EXERCISE DESCRIPTION: Transcribe every record beneath, precisely as written.

SOURCE DATA:
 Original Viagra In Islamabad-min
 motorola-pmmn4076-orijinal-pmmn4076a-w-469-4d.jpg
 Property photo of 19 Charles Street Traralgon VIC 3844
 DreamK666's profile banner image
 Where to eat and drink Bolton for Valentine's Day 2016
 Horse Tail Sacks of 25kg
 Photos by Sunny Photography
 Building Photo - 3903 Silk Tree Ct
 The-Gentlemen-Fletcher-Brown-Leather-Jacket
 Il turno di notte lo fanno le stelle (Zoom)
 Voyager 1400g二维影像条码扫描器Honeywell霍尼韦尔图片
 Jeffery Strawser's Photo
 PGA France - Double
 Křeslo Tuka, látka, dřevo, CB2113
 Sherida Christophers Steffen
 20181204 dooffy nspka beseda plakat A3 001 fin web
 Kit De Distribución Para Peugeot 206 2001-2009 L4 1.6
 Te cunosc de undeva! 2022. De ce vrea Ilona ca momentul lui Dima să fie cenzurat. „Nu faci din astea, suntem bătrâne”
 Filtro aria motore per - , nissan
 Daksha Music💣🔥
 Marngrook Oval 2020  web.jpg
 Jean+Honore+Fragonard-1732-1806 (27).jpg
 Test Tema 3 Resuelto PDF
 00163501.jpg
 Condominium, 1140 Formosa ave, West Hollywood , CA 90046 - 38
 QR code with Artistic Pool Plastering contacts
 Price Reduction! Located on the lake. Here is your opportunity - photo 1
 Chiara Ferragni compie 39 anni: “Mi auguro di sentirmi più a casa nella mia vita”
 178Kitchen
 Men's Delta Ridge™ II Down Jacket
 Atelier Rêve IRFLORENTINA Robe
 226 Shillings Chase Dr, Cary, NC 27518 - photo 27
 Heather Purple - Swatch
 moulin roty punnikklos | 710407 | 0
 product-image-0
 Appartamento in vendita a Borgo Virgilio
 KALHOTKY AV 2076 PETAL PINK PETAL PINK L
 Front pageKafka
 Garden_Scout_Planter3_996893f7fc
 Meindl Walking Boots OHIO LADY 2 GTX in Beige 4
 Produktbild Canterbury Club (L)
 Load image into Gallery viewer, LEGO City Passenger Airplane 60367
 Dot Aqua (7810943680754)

RESULT OF THE EXERCISE:
 Original Viagra In Islamabad-min
 motorola-pmmn4076-orijinal-pmmn4076a-w-469-4d.jpg
 Property photo of 19 Charles Street Traralgon VIC 3844
 DreamK666's profile banner image
 Where to eat and drink Bolton for Valentine's Day 2016
 Horse Tail Sacks of 25kg
 Photos by Sunny Photography
 Building Photo - 3903 Silk Tree Ct
 The-Gentlemen-Fletcher-Brown-Leather-Jacket
 Il turno di notte lo fanno le stelle (Zoom)
 Voyager 1400g二维影像条码扫描器Honeywell霍尼韦尔图片
 Jeffery Strawser's Photo
 PGA France - Double
 Křeslo Tuka, látka, dřevo, CB2113
 Sherida Christophers Steffen
 20181204 dooffy nspka beseda plakat A3 001 fin web
 Kit De Distribución Para Peugeot 206 2001-2009 L4 1.6
 Te cunosc de undeva! 2022. De ce vrea Ilona ca momentul lui Dima să fie cenzurat. „Nu faci din astea, suntem bătrâne”
 Filtro aria motore per - , nissan
 Daksha Music💣🔥
 Marngrook Oval 2020  web.jpg
 Jean+Honore+Fragonard-1732-1806 (27).jpg
 Test Tema 3 Resuelto PDF
 00163501.jpg
 Condominium, 1140 Formosa ave, West Hollywood , CA 90046 - 38
 QR code with Artistic Pool Plastering contacts
 Price Reduction! Located on the lake. Here is your opportunity - photo 1
 Chiara Ferragni compie 39 anni: “Mi auguro di sentirmi più a casa nella mia vita”
 178Kitchen
 Men's Delta Ridge™ II Down Jacket
 Atelier Rêve IRFLORENTINA Robe
 226 Shillings Chase Dr, Cary, NC 27518 - photo 27
 Heather Purple - Swatch
 moulin roty punnikklos | 710407 | 0
 product-image-0
 Appartamento in vendita a Borgo Virgilio
 KALHOTKY AV 2076 PETAL PINK PETAL PINK L
 Front pageKafka
 Garden_Scout_Planter3_996893f7fc
 Meindl Walking Boots OHIO LADY 2 GTX in Beige 4
 Produktbild Canterbury Club (L)
 Load image into Gallery viewer, LEGO City Passenger Airplane 60367
 Dot Aqua (7810943680754)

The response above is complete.